Shaykh Ibn ‘Uthaymeen (may Allah have mercy on him) said, after discussing types or levels of anger – that were mentioned in the question put to him –: The opinion that a divorce uttered by one who is angry does not count as such is the more correct view in theory, but for practical and educational reasons, do we issue a fatwa on that basis or do we refrain from issuing a fatwa on that basis except in specific cases in which we know that the husband is being honest? We do the latter, because if we were to follow the opinion that a divorce uttered by one who is angry does not count as such, there would be many who would say, “I was angry and I issued a divorce,” without differentiating between the first and second degrees (of anger). Then there would be a lot of mischief. It is for this reason that issuing a fatwa in all cases saying that divorce issued by one who is angry does not count as such would lead to uttering divorce becoming widespread.
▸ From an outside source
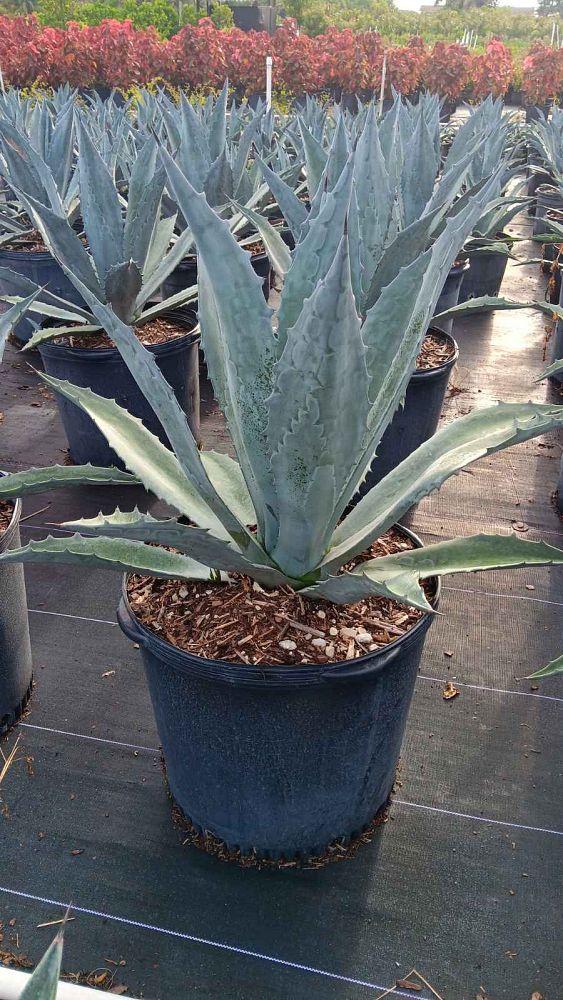 agave-gainesville-blue-gator-century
But if we think that the husband is a righteous man who could not be heedless, in that case we may issue a fatwa that the divorce does not count as such, but if we thinks that he is heedless and wants his wife to come back to him by any means, then in this case we should issue a fatwa stating that the divorce does count as such. This comes under the heading of handling each case on its merits, which is very important in sharee ‘ah. Perhaps we may prevent one man from eating a specific food, even though it is halaal, because it will harm him, but we would not prevent another man from eating it, because it will not harm him.
End quote from ash-Sharh al-Mumti‘, 13/29
And Allah knows best.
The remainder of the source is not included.